Un entretien très intéressant sur le suicide en tant que " question politique " : « Les gauches ont toujours entretenu la mémoire de leurs grands suicidés (Paul Lafargue, André Gorz, Roger Salengro, Gilles Châtelet, Walter Benjamin, Georgette Vacher qui se suicide en 1981 pour protester contre le fonctionnement et la politique de la CGT, son syndicat. »
François Houtard explique que la logique d’un nouveau paradigme de la vie collective de l’humanité « est une condition de survie pour la planète et pour le genre humain. »
Pour Paul Ariès, « la gauche productiviste, c’est le stalinisme. Le productivisme n’est pas une maladie infantile de la gauche mais le résultat du pouvoir en son sein d’une oligarchie. »
Benoît Schneckenburger et Christophe Miquet estiment que « le souci de soi et la nature ne suffisent plus pour construire notre avenir, si nous ne leur associons pas une conscience politique. Comment prendre au sérieux l’écosocialisme ? »
Pour Michel Ducommun, « c’est bien la contradiction entre les besoins systémiques du capitalisme et les objectifs du développement durable qui explique l’échec de ce dernier. »
Olivier Canal se demande si Canton n’est pas devenu " un comptoir africain " . La Chinafrique remet en cause la Françafrique.
Pour Yann Fiévet, l’École de la République « est défaillante quant à l’intégration " normale " des professeurs et des élèves handicapés. La question du handicap à l’école doit être un combat de portée universelle. »

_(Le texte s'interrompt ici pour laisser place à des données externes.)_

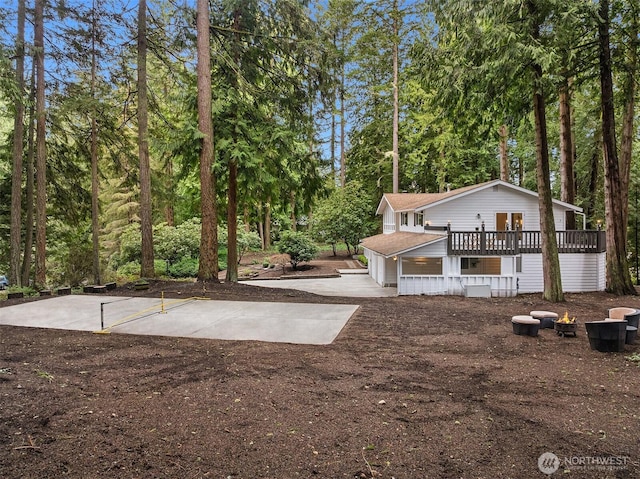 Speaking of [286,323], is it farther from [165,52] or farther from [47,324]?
[165,52]

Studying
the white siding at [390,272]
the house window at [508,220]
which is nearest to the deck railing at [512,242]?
the house window at [508,220]

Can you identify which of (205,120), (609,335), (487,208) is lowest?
(609,335)

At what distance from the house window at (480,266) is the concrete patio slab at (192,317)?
919cm

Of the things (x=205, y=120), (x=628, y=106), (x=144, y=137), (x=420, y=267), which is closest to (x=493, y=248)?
(x=420, y=267)

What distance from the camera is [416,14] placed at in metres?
24.1

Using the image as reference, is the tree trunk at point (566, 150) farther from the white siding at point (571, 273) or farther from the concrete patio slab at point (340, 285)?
the concrete patio slab at point (340, 285)

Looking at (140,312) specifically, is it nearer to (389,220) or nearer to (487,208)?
(487,208)

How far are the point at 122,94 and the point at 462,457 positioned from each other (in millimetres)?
16843

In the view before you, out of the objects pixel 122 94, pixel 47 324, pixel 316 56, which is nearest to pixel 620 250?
pixel 316 56

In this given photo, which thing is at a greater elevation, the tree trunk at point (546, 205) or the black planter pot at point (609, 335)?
the tree trunk at point (546, 205)

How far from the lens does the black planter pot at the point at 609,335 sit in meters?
5.82

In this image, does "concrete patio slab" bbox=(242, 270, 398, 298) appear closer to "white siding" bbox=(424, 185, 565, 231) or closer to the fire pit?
"white siding" bbox=(424, 185, 565, 231)

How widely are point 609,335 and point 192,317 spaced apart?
23.7 feet

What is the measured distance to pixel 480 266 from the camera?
57.2 ft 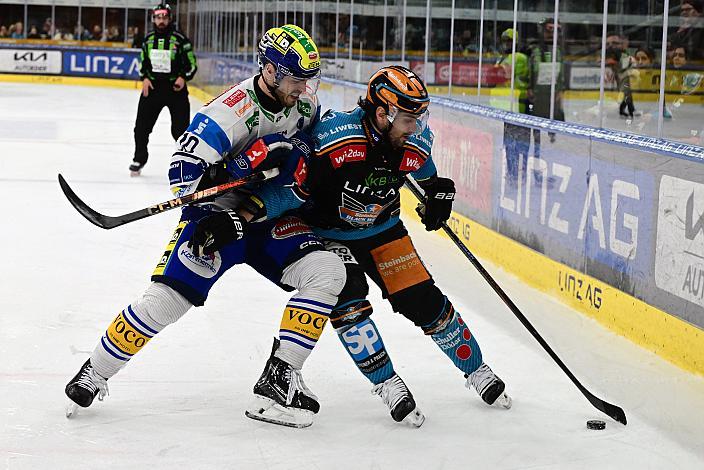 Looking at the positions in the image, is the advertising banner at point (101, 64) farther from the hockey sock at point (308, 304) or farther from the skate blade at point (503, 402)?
the hockey sock at point (308, 304)

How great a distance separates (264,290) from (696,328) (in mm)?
2138

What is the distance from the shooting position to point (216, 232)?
3.28 meters

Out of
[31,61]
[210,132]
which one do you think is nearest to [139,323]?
[210,132]

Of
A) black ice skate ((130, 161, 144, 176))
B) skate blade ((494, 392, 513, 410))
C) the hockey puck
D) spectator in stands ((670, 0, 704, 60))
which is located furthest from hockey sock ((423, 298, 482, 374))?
black ice skate ((130, 161, 144, 176))

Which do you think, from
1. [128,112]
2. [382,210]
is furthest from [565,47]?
[128,112]

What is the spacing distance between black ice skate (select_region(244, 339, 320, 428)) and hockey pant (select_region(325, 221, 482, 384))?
0.66ft

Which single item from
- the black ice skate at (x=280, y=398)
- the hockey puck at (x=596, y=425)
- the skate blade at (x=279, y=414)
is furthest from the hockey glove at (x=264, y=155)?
the hockey puck at (x=596, y=425)

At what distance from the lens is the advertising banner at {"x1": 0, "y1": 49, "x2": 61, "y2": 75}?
2255cm

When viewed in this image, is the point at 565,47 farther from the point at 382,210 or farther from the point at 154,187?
the point at 154,187

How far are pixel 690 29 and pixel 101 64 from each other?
18.6 meters

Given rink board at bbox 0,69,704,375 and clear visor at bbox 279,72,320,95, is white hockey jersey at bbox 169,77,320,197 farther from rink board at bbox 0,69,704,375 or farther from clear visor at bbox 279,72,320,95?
rink board at bbox 0,69,704,375

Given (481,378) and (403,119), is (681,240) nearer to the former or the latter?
(481,378)

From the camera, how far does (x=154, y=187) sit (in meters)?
8.99

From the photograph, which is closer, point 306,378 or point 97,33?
point 306,378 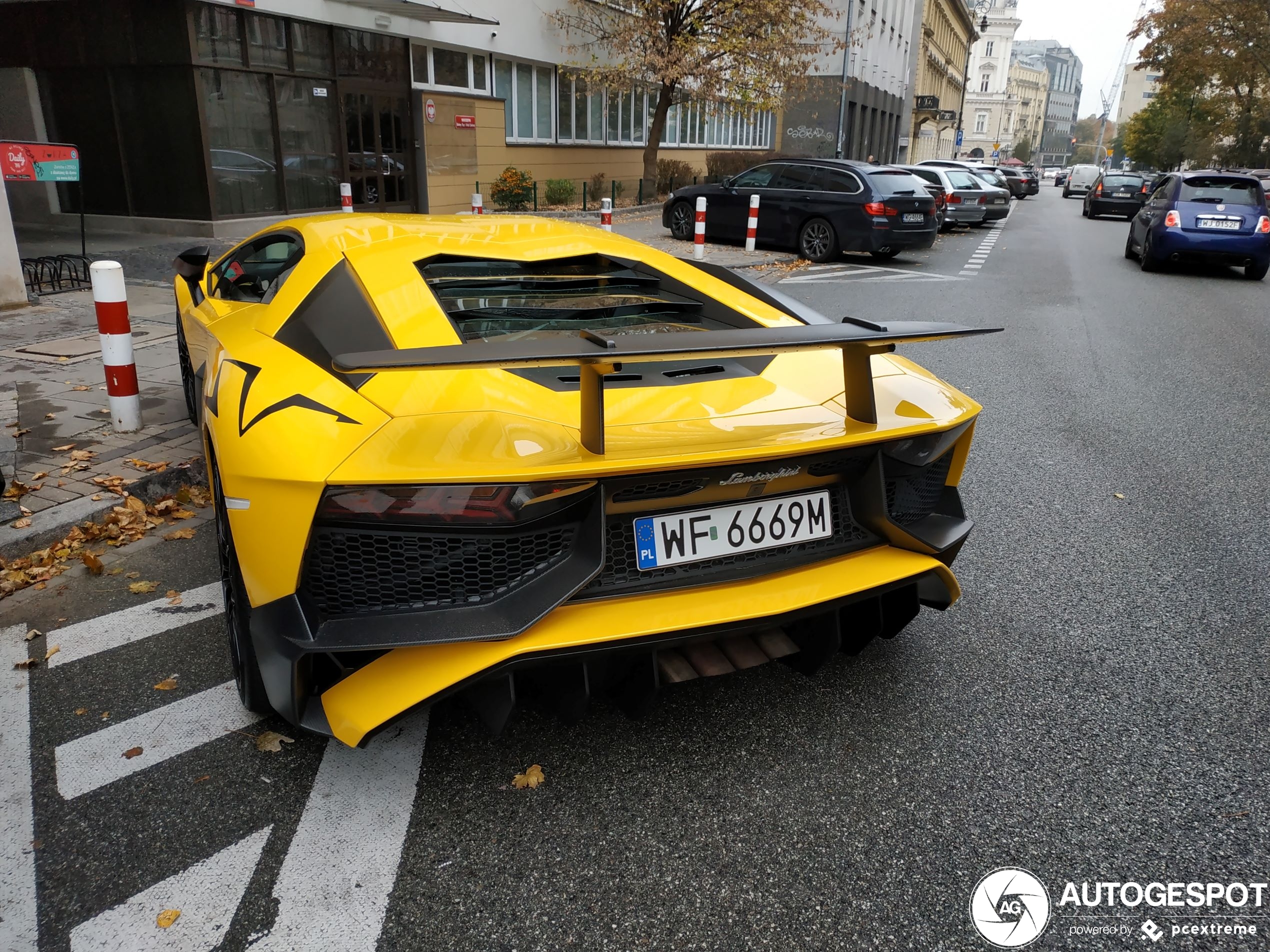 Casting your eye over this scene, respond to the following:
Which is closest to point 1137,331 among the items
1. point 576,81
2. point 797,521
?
point 797,521

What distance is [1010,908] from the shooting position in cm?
202

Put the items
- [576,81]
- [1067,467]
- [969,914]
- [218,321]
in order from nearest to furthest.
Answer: [969,914], [218,321], [1067,467], [576,81]

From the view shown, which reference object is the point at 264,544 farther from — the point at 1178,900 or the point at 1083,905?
the point at 1178,900

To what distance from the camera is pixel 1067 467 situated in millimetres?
5086

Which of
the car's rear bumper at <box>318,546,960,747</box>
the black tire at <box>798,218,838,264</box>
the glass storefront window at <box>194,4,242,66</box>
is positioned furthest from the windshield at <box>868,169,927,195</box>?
the car's rear bumper at <box>318,546,960,747</box>

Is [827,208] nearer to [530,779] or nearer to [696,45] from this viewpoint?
[696,45]

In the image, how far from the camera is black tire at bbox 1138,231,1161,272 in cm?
1463

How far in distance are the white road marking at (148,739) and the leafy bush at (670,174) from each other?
83.9 feet

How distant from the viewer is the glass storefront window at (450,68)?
18.8m

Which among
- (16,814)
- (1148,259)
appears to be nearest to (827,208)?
(1148,259)

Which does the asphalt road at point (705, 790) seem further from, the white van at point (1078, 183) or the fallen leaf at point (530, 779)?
the white van at point (1078, 183)

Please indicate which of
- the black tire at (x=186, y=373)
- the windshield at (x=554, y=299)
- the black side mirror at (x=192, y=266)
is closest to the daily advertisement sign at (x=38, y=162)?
the black tire at (x=186, y=373)

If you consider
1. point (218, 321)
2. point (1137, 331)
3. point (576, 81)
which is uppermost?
point (576, 81)

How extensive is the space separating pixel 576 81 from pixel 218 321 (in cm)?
2226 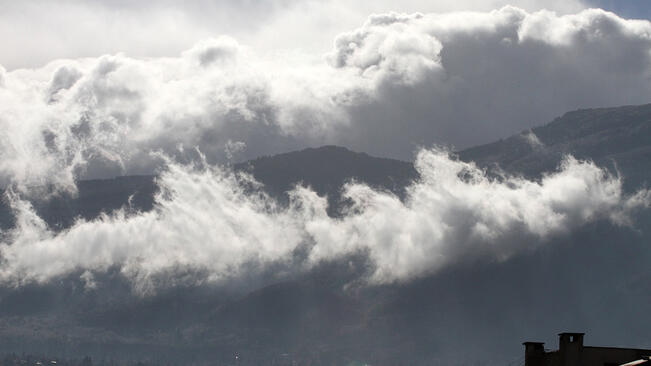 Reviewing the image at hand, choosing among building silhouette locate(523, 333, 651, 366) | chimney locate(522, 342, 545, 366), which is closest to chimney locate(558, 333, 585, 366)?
building silhouette locate(523, 333, 651, 366)

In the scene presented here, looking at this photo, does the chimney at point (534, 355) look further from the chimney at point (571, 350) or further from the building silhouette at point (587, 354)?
the chimney at point (571, 350)

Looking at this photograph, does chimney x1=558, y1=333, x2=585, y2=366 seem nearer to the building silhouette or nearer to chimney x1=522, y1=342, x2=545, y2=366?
the building silhouette

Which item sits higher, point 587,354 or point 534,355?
point 534,355

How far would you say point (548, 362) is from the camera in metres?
135

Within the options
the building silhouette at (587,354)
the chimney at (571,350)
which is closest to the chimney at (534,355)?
the building silhouette at (587,354)

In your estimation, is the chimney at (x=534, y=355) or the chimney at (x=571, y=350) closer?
the chimney at (x=571, y=350)

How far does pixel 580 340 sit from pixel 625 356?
17.1 ft

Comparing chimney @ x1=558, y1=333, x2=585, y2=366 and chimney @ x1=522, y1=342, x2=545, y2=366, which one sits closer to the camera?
chimney @ x1=558, y1=333, x2=585, y2=366

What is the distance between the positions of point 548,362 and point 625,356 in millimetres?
9364

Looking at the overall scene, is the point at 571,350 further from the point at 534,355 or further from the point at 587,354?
the point at 534,355

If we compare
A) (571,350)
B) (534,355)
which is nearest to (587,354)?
(571,350)

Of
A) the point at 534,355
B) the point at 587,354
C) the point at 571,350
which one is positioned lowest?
the point at 587,354

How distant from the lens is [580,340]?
131m

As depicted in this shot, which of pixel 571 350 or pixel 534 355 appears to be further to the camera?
pixel 534 355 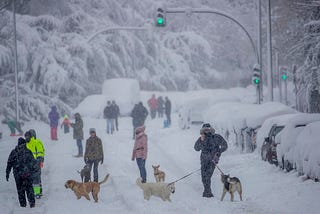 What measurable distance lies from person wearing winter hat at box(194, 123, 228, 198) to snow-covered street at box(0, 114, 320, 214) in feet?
1.24

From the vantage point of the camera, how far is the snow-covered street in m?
9.90

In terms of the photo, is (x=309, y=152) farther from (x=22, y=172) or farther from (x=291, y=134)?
(x=22, y=172)

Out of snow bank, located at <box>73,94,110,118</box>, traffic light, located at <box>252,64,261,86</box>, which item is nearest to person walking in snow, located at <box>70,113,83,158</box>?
traffic light, located at <box>252,64,261,86</box>

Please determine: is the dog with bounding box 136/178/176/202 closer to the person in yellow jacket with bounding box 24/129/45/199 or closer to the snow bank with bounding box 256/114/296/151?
the person in yellow jacket with bounding box 24/129/45/199

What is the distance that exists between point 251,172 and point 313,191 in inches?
145

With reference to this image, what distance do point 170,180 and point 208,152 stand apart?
9.17 ft

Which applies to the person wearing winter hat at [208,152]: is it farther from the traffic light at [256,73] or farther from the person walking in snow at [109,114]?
the person walking in snow at [109,114]

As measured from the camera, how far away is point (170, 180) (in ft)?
44.8

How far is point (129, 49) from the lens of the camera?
148 ft

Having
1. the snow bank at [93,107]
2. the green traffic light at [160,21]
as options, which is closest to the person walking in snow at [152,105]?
the snow bank at [93,107]

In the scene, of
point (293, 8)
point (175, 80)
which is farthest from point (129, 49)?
point (293, 8)

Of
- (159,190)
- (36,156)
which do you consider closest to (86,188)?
(36,156)

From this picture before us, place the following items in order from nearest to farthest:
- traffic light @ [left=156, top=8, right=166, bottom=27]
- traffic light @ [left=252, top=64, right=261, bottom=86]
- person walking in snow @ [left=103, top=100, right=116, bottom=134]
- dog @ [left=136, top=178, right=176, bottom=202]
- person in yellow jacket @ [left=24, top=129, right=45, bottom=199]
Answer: dog @ [left=136, top=178, right=176, bottom=202] → person in yellow jacket @ [left=24, top=129, right=45, bottom=199] → traffic light @ [left=156, top=8, right=166, bottom=27] → traffic light @ [left=252, top=64, right=261, bottom=86] → person walking in snow @ [left=103, top=100, right=116, bottom=134]

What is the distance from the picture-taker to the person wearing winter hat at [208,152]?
1117cm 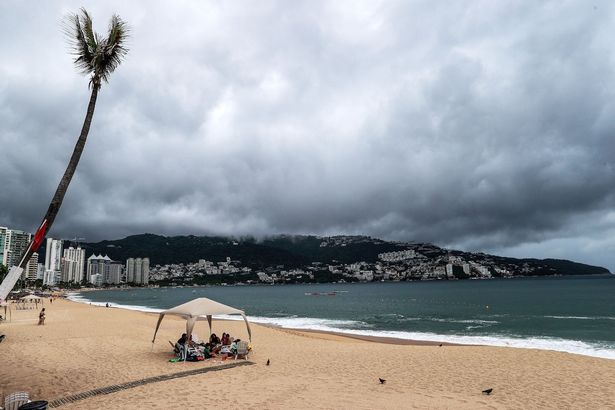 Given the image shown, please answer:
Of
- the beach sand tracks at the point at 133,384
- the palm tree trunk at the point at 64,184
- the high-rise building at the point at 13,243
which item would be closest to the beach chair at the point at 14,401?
the beach sand tracks at the point at 133,384

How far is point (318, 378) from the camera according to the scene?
471 inches

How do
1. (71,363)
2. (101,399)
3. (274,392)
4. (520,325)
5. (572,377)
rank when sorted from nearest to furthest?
1. (101,399)
2. (274,392)
3. (572,377)
4. (71,363)
5. (520,325)

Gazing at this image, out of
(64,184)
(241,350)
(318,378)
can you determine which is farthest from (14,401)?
(241,350)

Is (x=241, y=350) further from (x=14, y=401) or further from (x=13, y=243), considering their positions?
(x=13, y=243)

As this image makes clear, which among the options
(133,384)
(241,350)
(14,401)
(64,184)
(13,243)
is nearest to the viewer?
(14,401)

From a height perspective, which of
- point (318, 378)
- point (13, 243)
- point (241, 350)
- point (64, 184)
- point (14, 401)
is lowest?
point (318, 378)

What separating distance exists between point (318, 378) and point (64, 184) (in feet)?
29.2

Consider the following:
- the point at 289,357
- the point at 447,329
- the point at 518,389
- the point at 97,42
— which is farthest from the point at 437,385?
the point at 447,329

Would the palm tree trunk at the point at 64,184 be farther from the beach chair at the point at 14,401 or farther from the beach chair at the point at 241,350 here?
the beach chair at the point at 241,350

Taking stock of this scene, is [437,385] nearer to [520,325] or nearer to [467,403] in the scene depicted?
[467,403]

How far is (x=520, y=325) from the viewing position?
3722cm

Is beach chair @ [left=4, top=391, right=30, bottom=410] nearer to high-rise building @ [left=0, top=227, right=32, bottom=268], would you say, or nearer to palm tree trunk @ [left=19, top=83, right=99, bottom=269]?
palm tree trunk @ [left=19, top=83, right=99, bottom=269]

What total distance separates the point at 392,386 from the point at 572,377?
6401mm

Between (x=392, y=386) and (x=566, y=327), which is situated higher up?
(x=392, y=386) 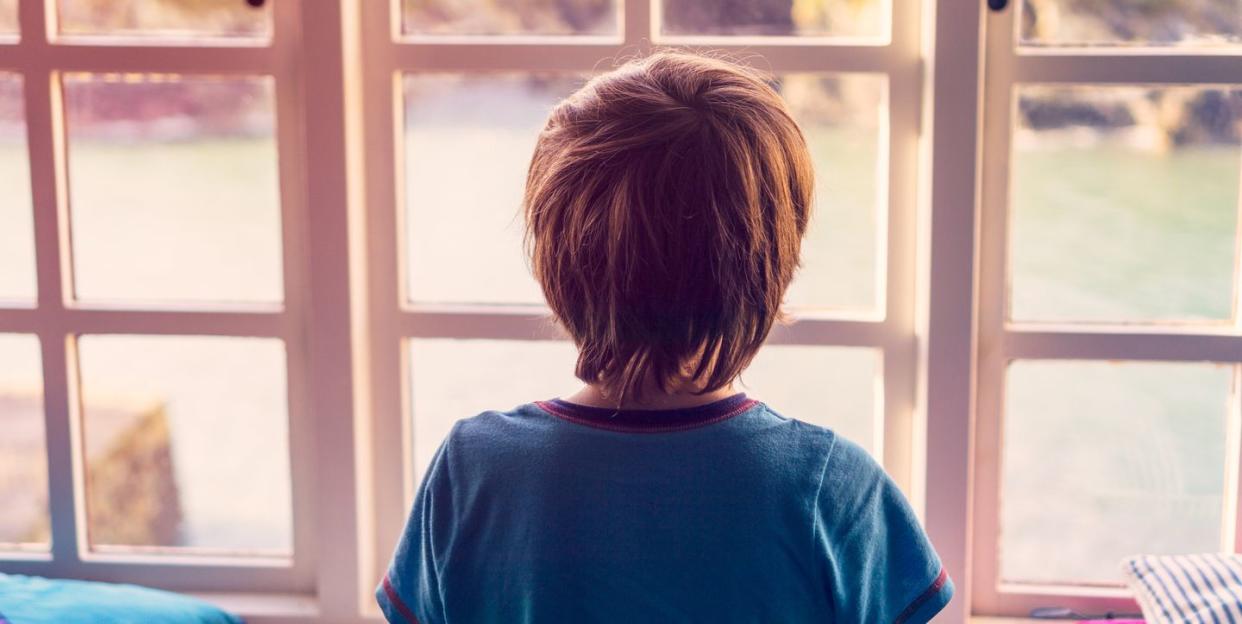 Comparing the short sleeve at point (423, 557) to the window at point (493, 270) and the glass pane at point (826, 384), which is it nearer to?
the window at point (493, 270)

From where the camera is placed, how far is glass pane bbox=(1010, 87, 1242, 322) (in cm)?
158

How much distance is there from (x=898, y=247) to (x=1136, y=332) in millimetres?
353

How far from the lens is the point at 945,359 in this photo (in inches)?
60.2

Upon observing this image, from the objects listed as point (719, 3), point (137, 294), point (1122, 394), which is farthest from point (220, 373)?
point (1122, 394)

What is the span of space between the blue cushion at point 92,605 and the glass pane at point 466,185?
0.54 m

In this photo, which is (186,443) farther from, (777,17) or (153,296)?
(777,17)

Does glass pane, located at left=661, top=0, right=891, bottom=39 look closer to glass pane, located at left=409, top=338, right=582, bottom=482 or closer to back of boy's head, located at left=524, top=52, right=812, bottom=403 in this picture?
glass pane, located at left=409, top=338, right=582, bottom=482

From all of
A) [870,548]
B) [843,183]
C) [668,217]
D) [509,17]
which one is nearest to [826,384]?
[843,183]

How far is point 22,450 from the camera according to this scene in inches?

Antoine Fernandès réfléchit au précariat en tant que nouvelle classe : « Est-ce le nouveau sujet historique capable de faire la révolution ? »
Pour Jacques Cossart, le parti socialiste a depuis longtemps adopté les principes entérinés à Bad-Godesberg : libre concurrence et libre initiative de l’entrepreneur. » [J’en profite pour signaler que Bad-Godesberg était déjà en 1959 une station balnéaire très chicos - un peu comme si les socialistes français s’étaient réunis à Vichy. Elle est jumelée avec les villes chicos de Saint-Cloud et Windsor. Accessoirement, elle est la ville natale de Klaus Barbie.].